Repressão sexual é outra realidade presente. A jovem Juliette Lewis é sensualizada ao máximo, apenas ultrapassada por Jodie Foster em Taxi Driver. Num lar em que as infidelidades e as discussões no leito abundam, a descoberta do corpo pode ser um escape. É isso que Cady tenta explorar, até porque sabe que Sam naturalmente o condenará. Será essa repressão também explicação para instintos destrutivos? Que papel representa a religião nesse cenário? Perguntas freudianas que vêem de Mean Streets e The Last Temptation Of Christ.

No clímax, o inevitável confronto físico, mas, nele, uma constatação invulgar: nem prestes a ver a filha e esposa serem estupradas por um psicopata a personagem de Nolte consegue deixar de ser absolutamente patética, preferindo o conformismo à acção. À mercê da natureza, um milagre acontece e uma tempestade abana o barco onde se encontram. A montagem de Thelma Schoonmaker é perfeita ao transmitir a estranheza da situação. Se a família se safa, ainda bem, mas a cobardia de Sam não merece a nossa preocupação.

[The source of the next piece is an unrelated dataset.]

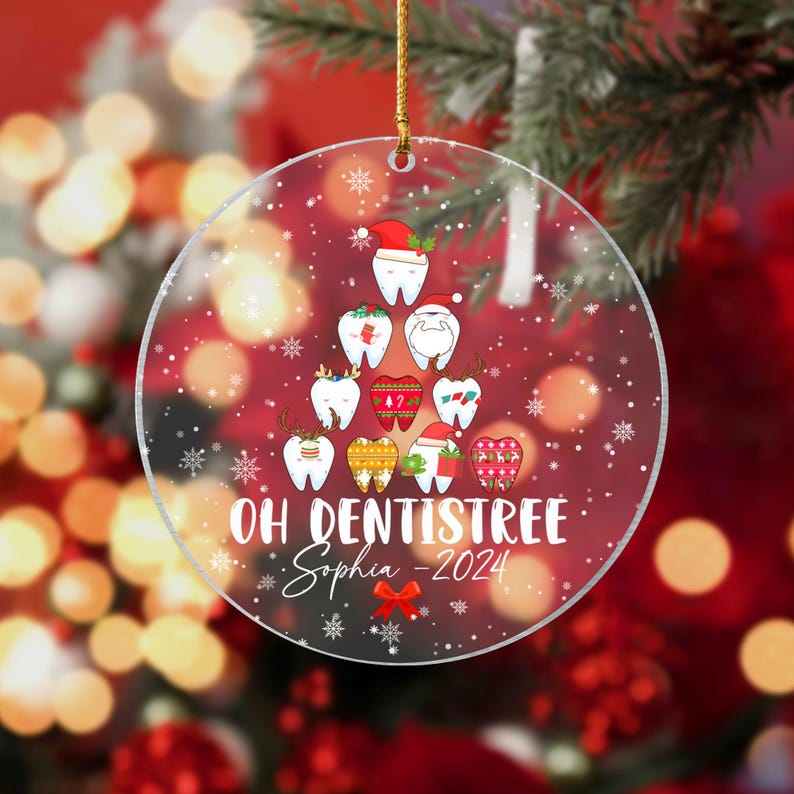 Custom Dentist Christmas Ornament, Oh Dentistree, Dental School Gift,Dental Christmas Ornament, Tooth Christmas Ornament,Dental Student Gift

É nisto que Scorsese se engrandece, na profunda compreensão do verdadeiro alcance de certos caracteres e atitudes de morais questionáveis, na revelação furiosa do lado mais negro da mesquinhez, da traição e da desonestidade, que devemos evitar quando vivemos em sociedade e estamos em família ou entre amigos, senão o sangue fica nas nossas mãos e podemos ser mais perigosos para nós mesmos que qualquer outro factor externo. Talvez chegar à essência com tanta clareza motive tanta boa interpretação.

Aqui, entre Nolte, Lewis ou De Niro é difícil dizer quem está mais em sintonia com estes temas, e isto tudo sem falar do estilo irrepreensível do filme, pejado de pequenos movimentos de câmara que sub-repticiamente plantam nervosismo no nosso cérebro e coberto por um trabalho de fotografia em realismo e em negrume muito semelhante ao de Michael Ballhaus. Cape Fear foi a sétima colaboração de uma das mais lendárias duplas do cinema, Scorsese e De Niro. Provavelmente, será a mais subestimada.